Girkin zapowiada klęskę. "Zbliżamy się do porażki w wojnie"
Igor Girkin, po tym jak kilkanaście dni temu kazał Władimir Putinowi "zamknąć się i zamilknąć", znów zaatakował Kreml. W najnowszym nagraniu były oficer FSB zapowiedział klęskę Rosji, wskazując jednocześnie jej przyczyny.
Igor Girkin, były dowódca separatystów w Donbasie, od dłuższego czasu bardzo krytycznie ocenia zaangażowanie wojsk rosyjskich na wojnie z Ukrainą. Po raz kolejny opublikował w tym kontekście wideo z ostrą wypowiedzią.

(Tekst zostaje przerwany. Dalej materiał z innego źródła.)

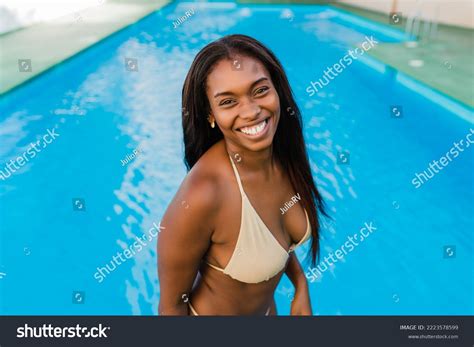 Smiling Black Woman Bikini Swimming Pool Stock Photo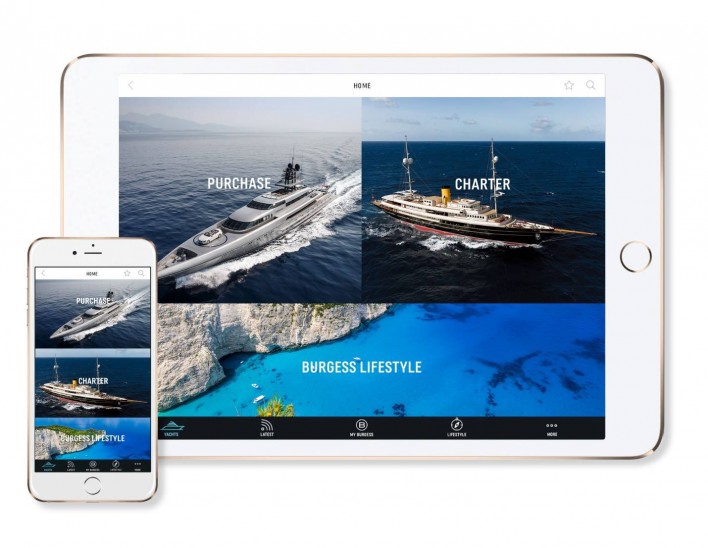 A tablet and smartphone display a luxury yacht website with sections for Purchase, Charter, and Burgess Lifestyle, featuring aerial photos of yachts on blue water.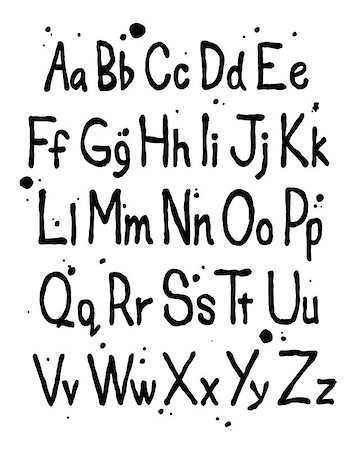 Hand written font alphabet. Vector Foto de stock - Super Valor sin royalties y Suscripción, Código: 400-07923990
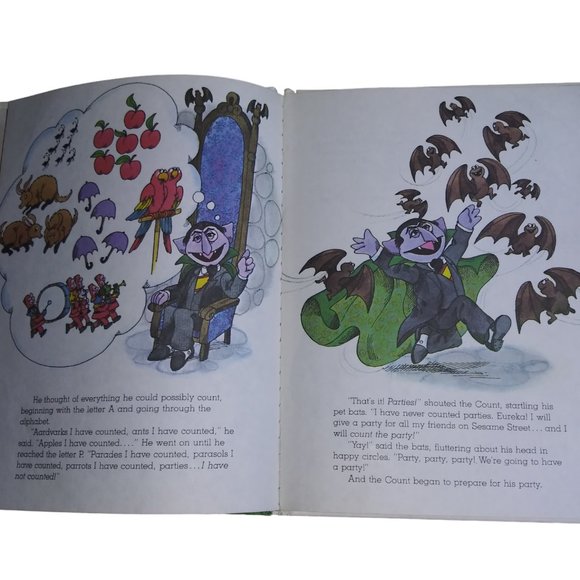 VTG Sesame Street The Count Counts A Party Hardcover Book Golden Press 1980 - Picture 6 of 10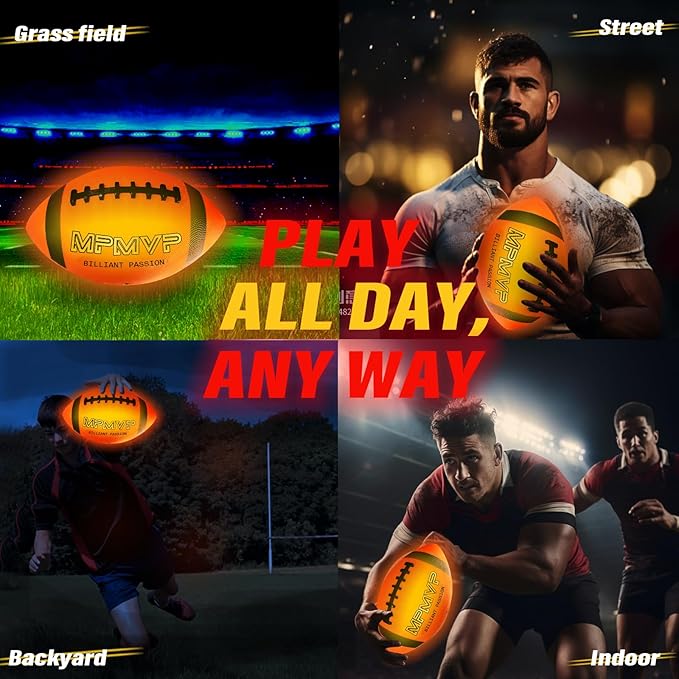 Light Up Football for Boys 8-12, Rechargeable Glow Football Official Size 9 – Great for Graduation Gifts, Outdoor Yard Games, Teen Sports & School Play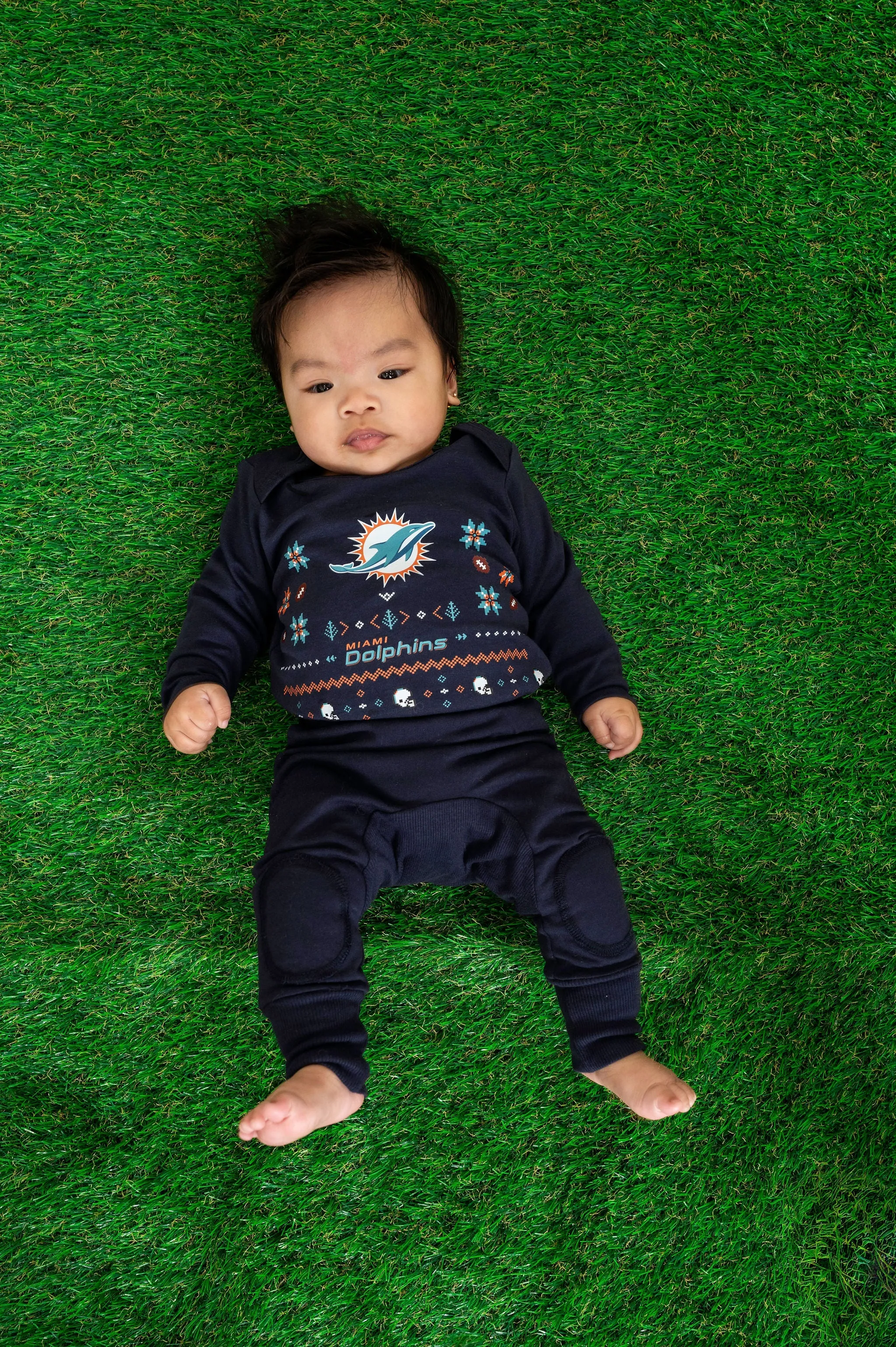 NFL Baby 100% Organic Ugly Holiday Long Sleeve Bodysuit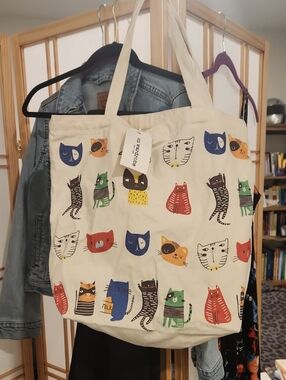 Canvas Cat Print Tote Bag - Multi-Color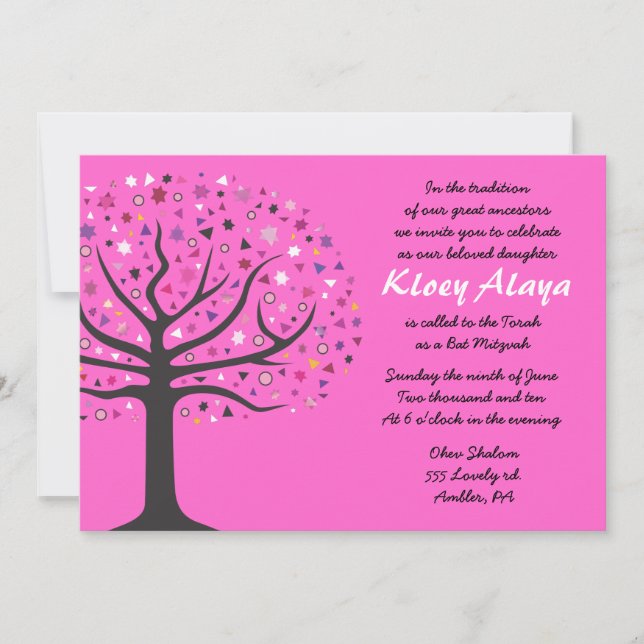 Abstact Tree of Life Bat Mitzvah Invitation (Front)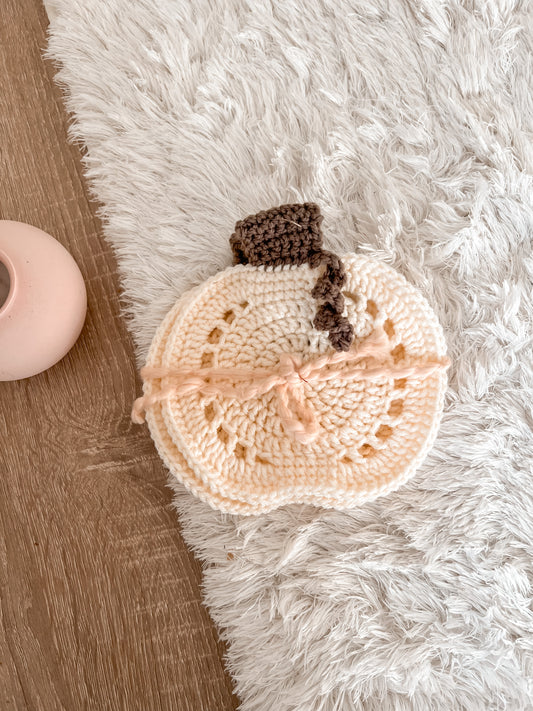 Pumpkin Crochet Coasters - Set of 4- So Charming Collection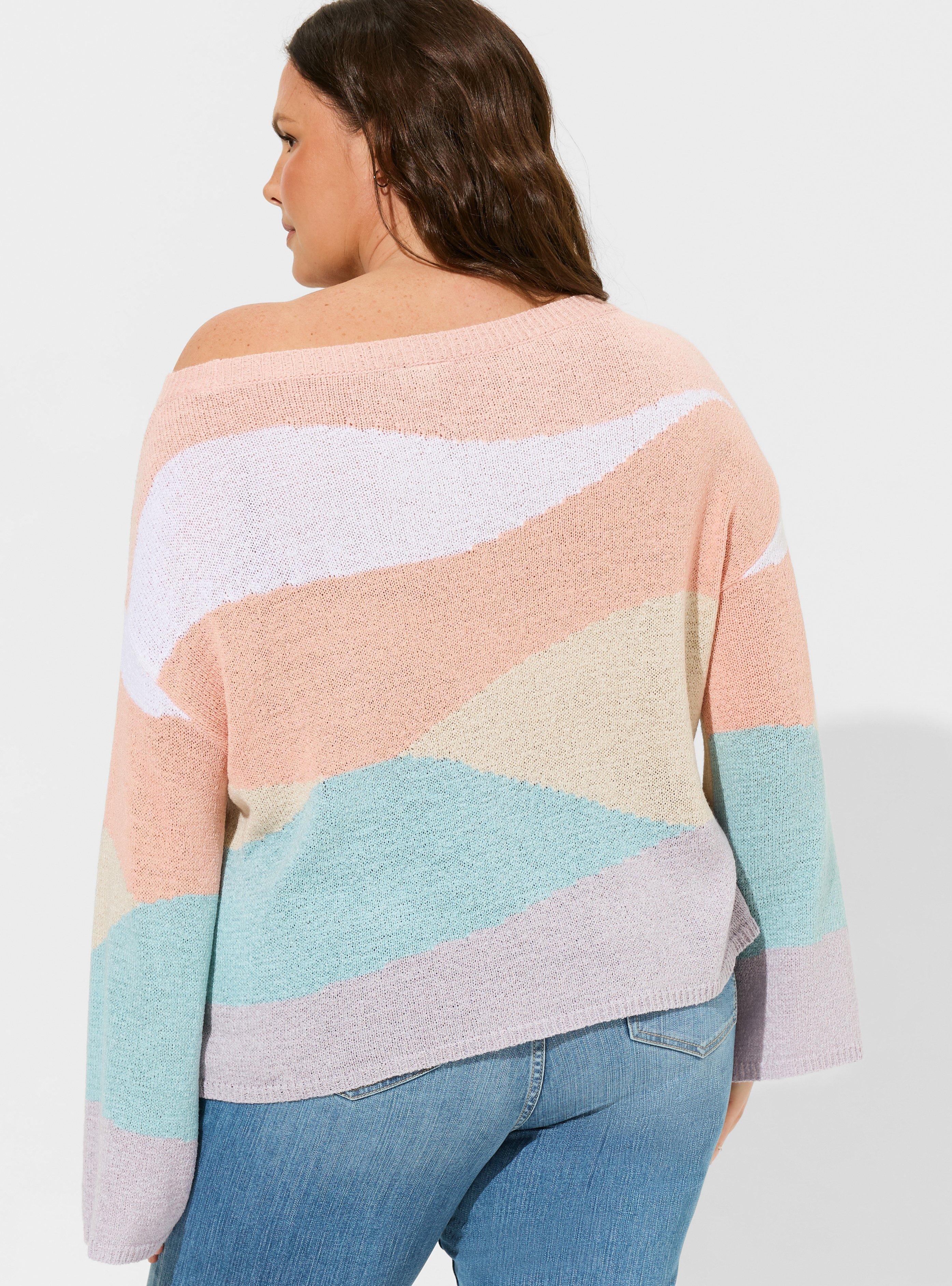 Intarsia Pullover Off Shoulder Sweater, HILLS MULTI MUTED, alternate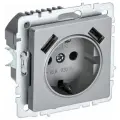 BRITE Розетка одноместная с заземлением с защитными шторками 16А с USB A+A 5В 3,1А РЮш10-2-БрА алюминий IEK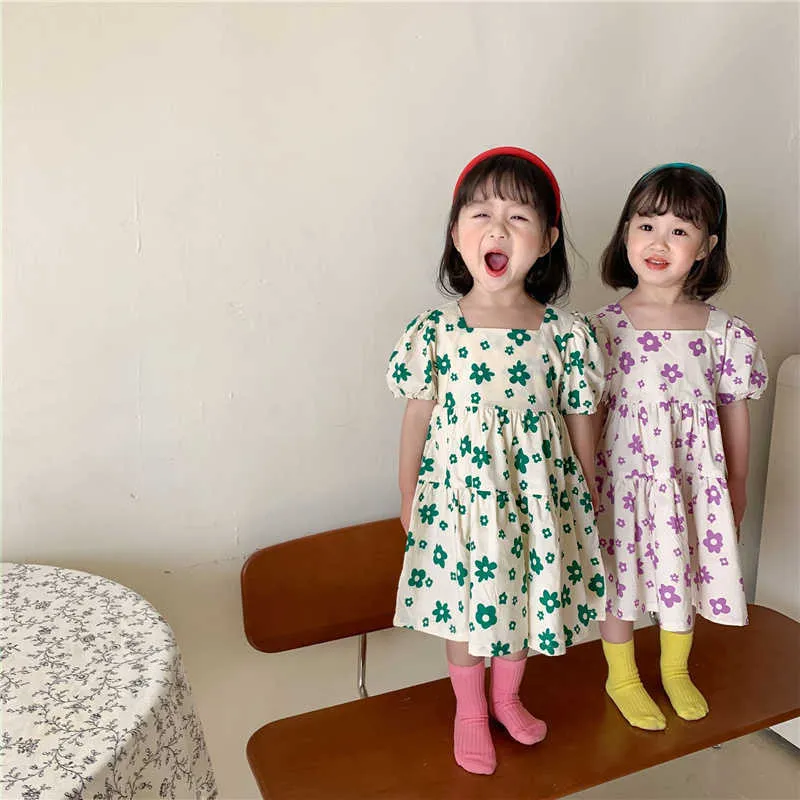 Zomer schattige meisjes bloemen korte mouw jurken Koreaanse stijl kinderen vierkante kraag prinses jurk kleding 210615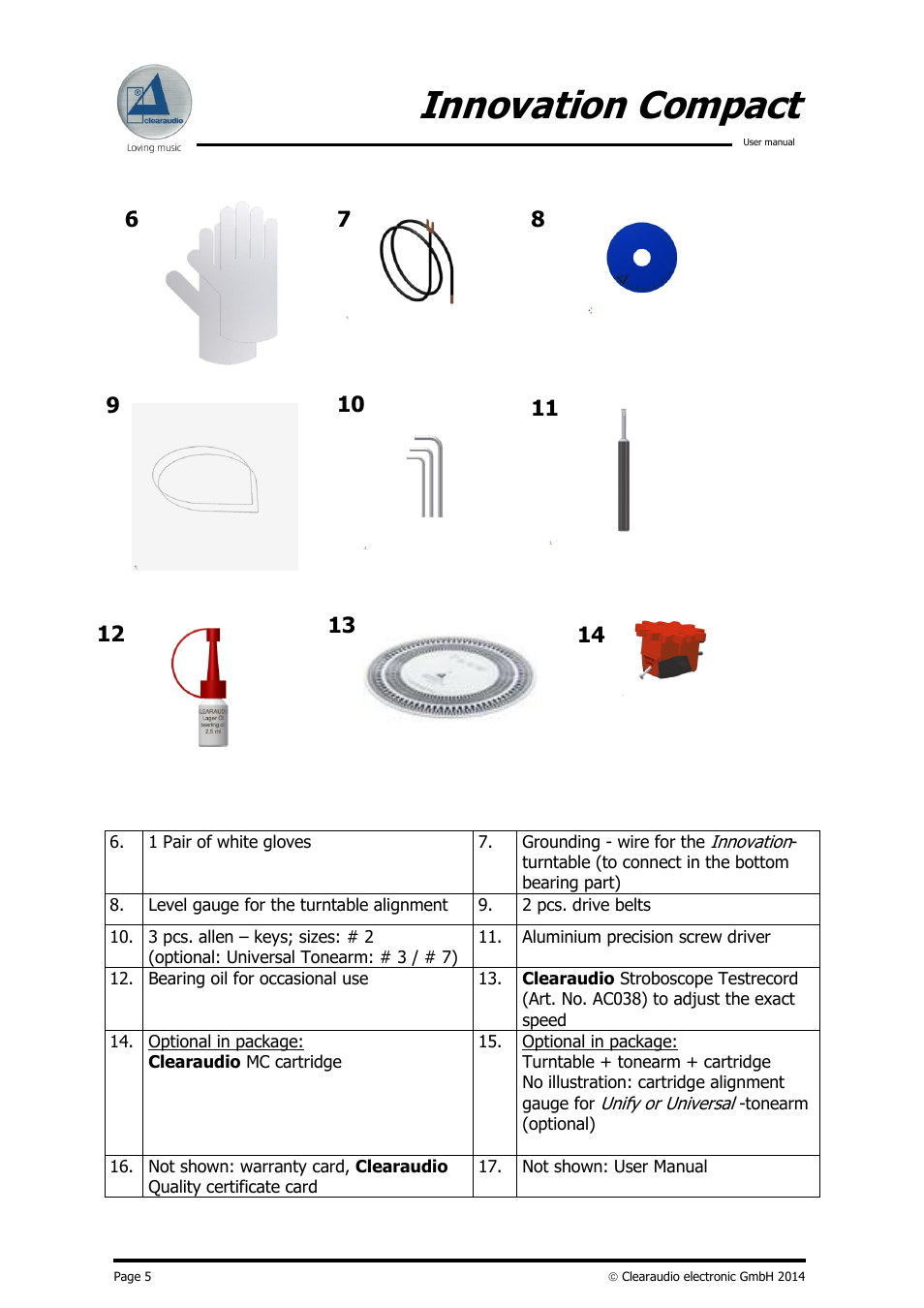 Innovation compact | Clearaudio INNOVATION COMPACT User Manual | Page 6 / 14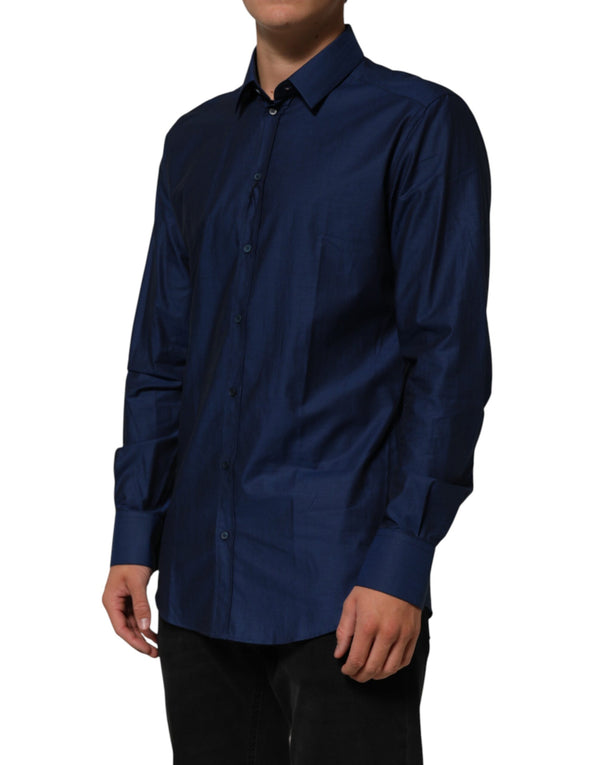 Blue Cotton Collared Men GOLD Dress Shirt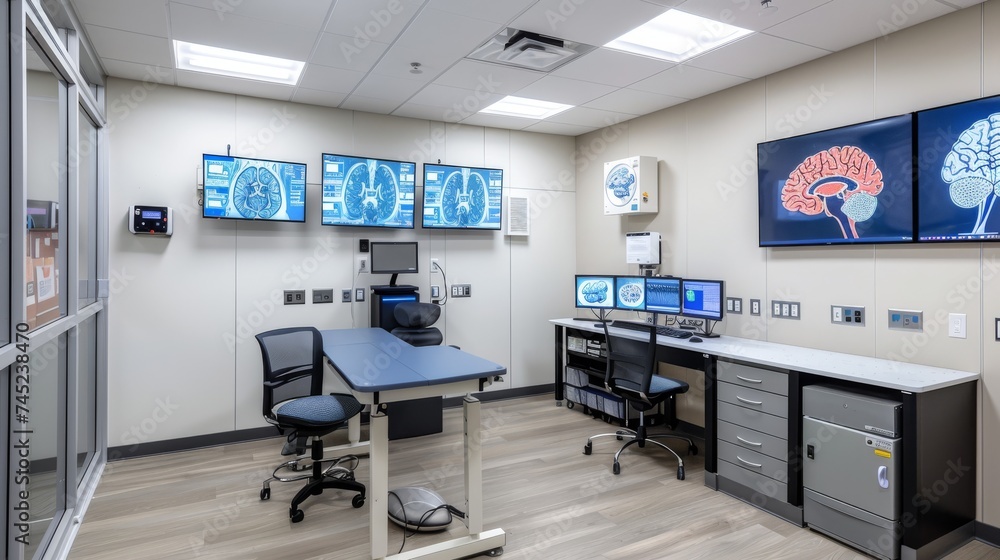 Modern Lung and Heart Study Laboratory and Monitors EEG Reading.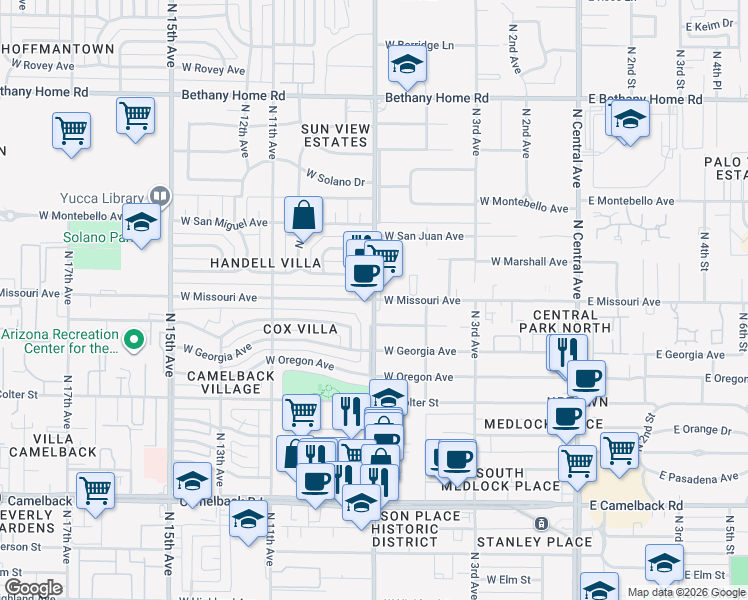 map of restaurants, bars, coffee shops, grocery stores, and more near North 7th Avenue in Phoenix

Girkin znów atakuje Putina. Tym razem zapowiada klęskę armii
W mediach społecznościowych jej część przytacza doradca szefa ukraińskiego MSW, Anton Gieraszczenko.
Dalsza część artykułu pod materiałem wideo
- Niestety, sytuacja na froncie, którą próbują upiększyć media, skrajnie negatywnie wpływa na sytuację w naszym kraju, w całym naszym państwie. Nie boję się tego powiedzieć, że zbliżamy się do porażki w wojnie - oceniał w nagraniu były oficer FSB.
Girkin wskazał przy tym, co jego zdaniem spowoduje, że Kreml przegra starcie z Kijowem.
- Nawet nie dlatego (przegramy), że nie możemy zrobić postępów w żadnym z kluczowych miast obwodowych - w trakcie zimy nie potrafiliśmy choćby odepchnąć wojsk wroga na 10 kilometrów od Doniecka. I nawet nie dlatego, że musieliśmy opuścić Chersoń, wycofać się z obwodu charkowskiego, odejść z Kijowa. A dlatego, że weszliśmy do długiej, przeciągającej się wojny - wskazywał były kremlowski wojskowy.
Jak zaznaczył, okazało się, że do inwazji nie była gotowa rosyjska gospodarka, "armia, system polityczny i duża część liderów".